In order to perform quantitative "distance" analysis based on mass-fragment spectra, the mass lists generated above were concatenated into a single file whose first column contained integers representing the origin of the masses and whose second column contained the corresponding lists of masses. Octave (version 2.0.17) could then be used to read this file and generate the square matrix representing the coincidence (using an implementation of the coincidence function introduced previously) between each pair of mass spectra in the file. The resulting matrix was manipulated into a vector which contained the corresponding distances (distance ≡ 1 – coincidence) and which conformed to the structure required for the MEGA 3.1 input file. Additional Linux shell scripts then created a MEGA-compatible file by generating the appropriate header information, relating the unique identifiers back to organism names, and attaching the distance output list.
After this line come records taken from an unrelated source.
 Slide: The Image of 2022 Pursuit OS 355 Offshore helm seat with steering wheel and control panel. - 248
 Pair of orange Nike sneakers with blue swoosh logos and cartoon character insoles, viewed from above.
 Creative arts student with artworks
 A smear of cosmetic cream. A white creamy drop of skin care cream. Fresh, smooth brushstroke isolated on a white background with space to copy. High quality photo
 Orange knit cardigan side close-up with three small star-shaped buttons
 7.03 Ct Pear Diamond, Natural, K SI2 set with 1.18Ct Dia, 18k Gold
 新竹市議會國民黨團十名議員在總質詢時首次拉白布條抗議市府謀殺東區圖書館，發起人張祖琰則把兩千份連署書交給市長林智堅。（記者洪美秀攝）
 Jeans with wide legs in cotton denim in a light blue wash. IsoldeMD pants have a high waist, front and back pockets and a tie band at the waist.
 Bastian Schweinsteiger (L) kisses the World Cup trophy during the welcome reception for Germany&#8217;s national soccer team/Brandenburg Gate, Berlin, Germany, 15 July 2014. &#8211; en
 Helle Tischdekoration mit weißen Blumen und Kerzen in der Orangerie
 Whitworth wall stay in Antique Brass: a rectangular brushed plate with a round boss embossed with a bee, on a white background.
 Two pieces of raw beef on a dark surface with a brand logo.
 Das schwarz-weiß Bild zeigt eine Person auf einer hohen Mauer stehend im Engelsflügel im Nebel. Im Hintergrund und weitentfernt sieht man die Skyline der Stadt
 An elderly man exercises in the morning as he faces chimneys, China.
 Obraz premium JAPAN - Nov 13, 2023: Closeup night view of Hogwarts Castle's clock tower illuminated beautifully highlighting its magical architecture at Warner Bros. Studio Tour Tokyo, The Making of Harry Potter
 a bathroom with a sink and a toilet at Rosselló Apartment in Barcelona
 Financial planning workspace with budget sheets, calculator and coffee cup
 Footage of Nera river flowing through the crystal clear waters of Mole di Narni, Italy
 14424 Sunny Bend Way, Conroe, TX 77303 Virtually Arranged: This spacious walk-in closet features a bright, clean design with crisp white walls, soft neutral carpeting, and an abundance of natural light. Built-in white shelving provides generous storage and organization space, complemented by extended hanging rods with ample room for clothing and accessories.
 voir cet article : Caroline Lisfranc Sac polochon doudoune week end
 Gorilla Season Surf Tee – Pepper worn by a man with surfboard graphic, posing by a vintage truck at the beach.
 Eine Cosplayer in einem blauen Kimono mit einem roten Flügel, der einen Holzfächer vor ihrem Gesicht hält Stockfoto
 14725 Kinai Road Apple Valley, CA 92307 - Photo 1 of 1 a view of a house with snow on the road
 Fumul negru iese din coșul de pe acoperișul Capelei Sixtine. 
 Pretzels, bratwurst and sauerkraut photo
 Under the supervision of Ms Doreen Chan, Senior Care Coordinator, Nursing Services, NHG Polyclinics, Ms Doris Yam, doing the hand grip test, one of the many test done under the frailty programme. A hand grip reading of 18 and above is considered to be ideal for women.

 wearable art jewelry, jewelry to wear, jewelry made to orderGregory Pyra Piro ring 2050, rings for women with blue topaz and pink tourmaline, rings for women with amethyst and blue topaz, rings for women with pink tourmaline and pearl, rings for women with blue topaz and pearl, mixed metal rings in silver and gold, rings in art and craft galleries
From start to finish, the entire process can be accomplished automatically by specifying the name of a FASTA formatted file containing sequence data, the desired forward and reverse primers for amplification, and the desired nucleotide(s) for cleavage. The amplification process includes the ability to accommodate arbitrary degrees of primer degeneracy (for example by specifying an 'N' in one of the primer strings), and the mass calculation can be tailored to include mass modified nucleotides, for example, aminoallyl-U for uridine. For an input file containing 220 bacterial 16S sequences (~2,000 bp each), the entire process took just under 3 minutes on an older 1 GHz AMD Athlon (32-bit) personal computer with 512 MB of RAM. The same analysis of 403 complete viral genomes (~10,000 bp each) took approximately 6 minutes.